Any public discussion of these matters in Thailand is prevented by the lese majeste law. In the prologue to Part One of #thaistory Marshall notes that, "Discussion of  the reality  among Thais  is  relegated  to private conversations or oblique  references using coded imagery and parables. The truth about the palace's enormously influential role in Thai politics and economics cannot be uttered openly in public."

In an article in The Independent Marshall discusses some of the reasons why he resigned from his job at Reuters in order to publish #thaistory. The money quote is, "Thailand is sliding backwards into authoritarianism and repression.

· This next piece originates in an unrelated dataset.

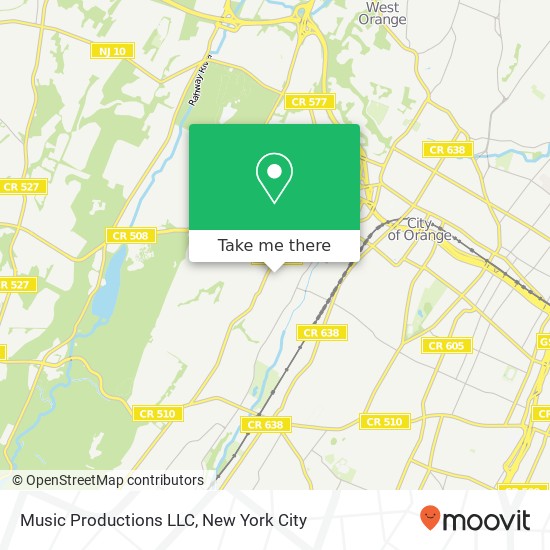 Music Productions LLC map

And one stark indication of this is that just saying it is illegal."

Part One of #thaistory is now available online as a pdf file. I have only read part way through it, but it explores in detail the life of King Bhumibol and is based on a number of academic sources as well as the diplomatic cables.

Part Two should be released tomorrow (24 June). According to a tweet from Marshall, "Part 3 (events from 2006 coup to 2010) and 4 (conclusions and predictions) will be online within a week." I will update this post with links as they become available.

The cables the story is based on are being published on Marshall's website www.zenjournalist.com. WikiLeaks cables from Thailand can also be found at thaicables.

*Andrew MacGregor Marshall who published #thaistory should not be confused with Bangkok-based journalist Andrew Marshall who writes for TIME and other publications. Andrew MacGregor Marshall tweets at @zenjournalist. The other Andrew Marshall tweets at @journotopia.

** I use the word "palace" not just to refer to the royal family, but to describe in more general terms how the monarchy is used, manipulated and appropriated by a range of players in the Thai political scene.